In other words, it’s sweet. Beautifully, deliciously sweet. So delightfully sweet that before I could finish the above review of the first cup, the cup was empty and I needed to go resteep the leaves!
For this infusion, I would normally add 15 seconds onto the steep time (making it 1 minute) but by the time I reached 45 seconds, the liquid was so dark that I decided that I’d stop there. So this second cup was infused just 45 seconds.
This cup is a little bit earthier than the first cup was. It’s still sweet, but the sweetness is a bit more mild this time around. It’s a very mellow and smooth tasting tea with notes of raw cacao! Wow! Nice. I taste hints of flower in there too, but because the flavor of cacao is prevalent, it is difficult to determine what flower I’m tasting.

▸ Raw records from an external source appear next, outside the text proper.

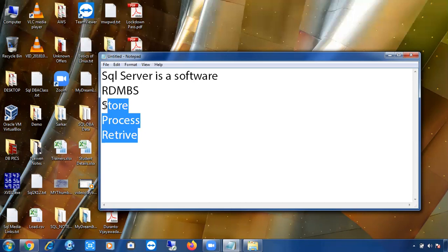By using SQL Server we can store the data, process the data, and retrieve the data. Why do we store the data? To retrieve it whenever we want. If I have two terabytes of data but cannot retrieve it, then what is the use? It's a waste of storage and resources. Saving is important, but retrieving is equally important. By using SQL Server we can store, process, and retrieve the data.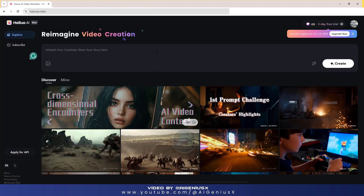Now I invite you to experience this AI platform with me with the newly updated function: image to video, which is extremely effective. Please follow and practice with me to feel the results.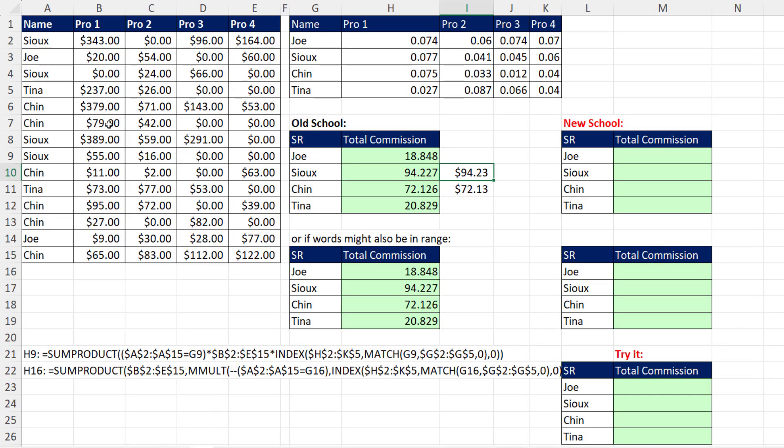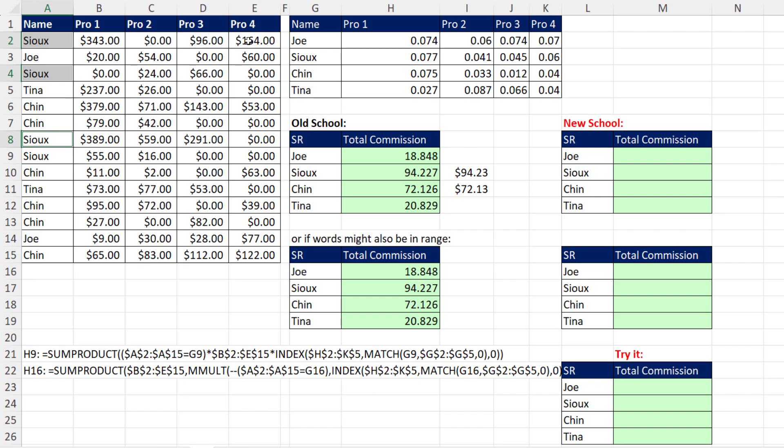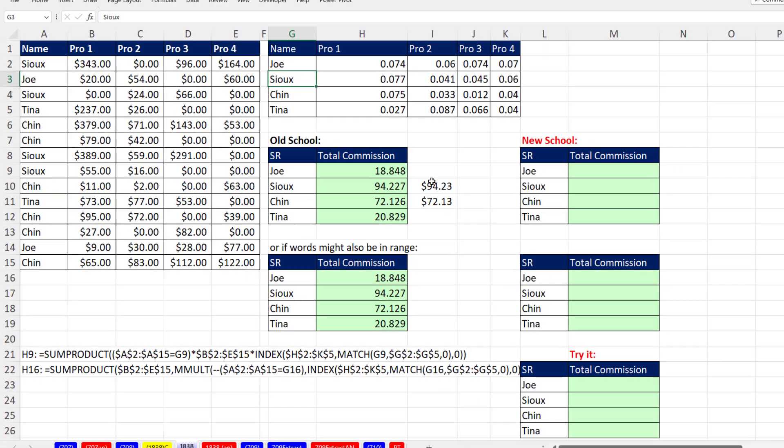Now here's our data setup. This is not a proper dataset, but people do get data this way. We have a name column - these are the sales reps, and there are repeats. Product one, two, three, four. Those are the sales for Sue for this particular line. Over here, this is the commission table. The name is listed one time, and for each product there's a different commission.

With later infusions, I found that the tea became increasingly more earthy. The tea is still sweet, but some of those molasses-y flavors are diminishing with each infusion. Still quite cacao-ish, I pick up on notes of leather, wood and mushroom.
Overall, an enjoyable Pu-erh, although I must admit that I preferred those earliest infusions where the tea was more like thinned molasses and very few earthy notes were detected.